Task details ::
Copy nothing from the entries below except the lines from the one containing "Porte-clés pingouin mignon" through the one containing "Pudełko do automatycznego", and copy those exactly.

----- Data for analysis -----

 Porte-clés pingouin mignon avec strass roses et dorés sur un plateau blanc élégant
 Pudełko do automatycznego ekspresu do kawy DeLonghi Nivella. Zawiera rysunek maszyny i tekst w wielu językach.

-----
----- Data for analysis -----

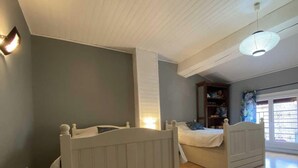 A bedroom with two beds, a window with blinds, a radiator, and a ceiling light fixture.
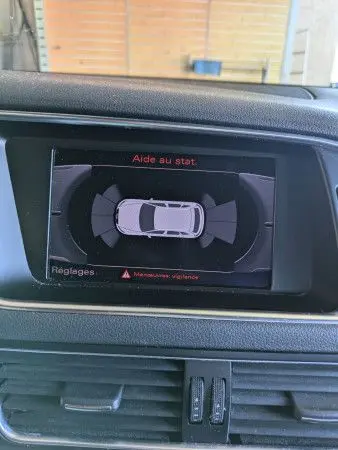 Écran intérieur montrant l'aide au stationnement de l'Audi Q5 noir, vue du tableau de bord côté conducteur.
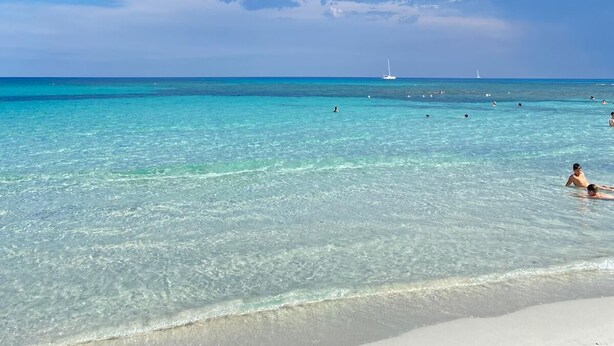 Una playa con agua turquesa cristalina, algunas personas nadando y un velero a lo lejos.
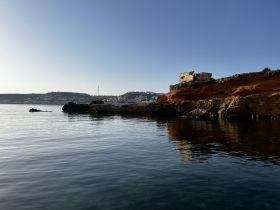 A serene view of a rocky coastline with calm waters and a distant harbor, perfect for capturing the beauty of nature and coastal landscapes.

-----

Answer below ::
 Porte-clés pingouin mignon avec strass roses et dorés sur un plateau blanc élégant
 Pudełko do automatycznego ekspresu do kawy DeLonghi Nivella. Zawiera rysunek maszyny i tekst w wielu językach.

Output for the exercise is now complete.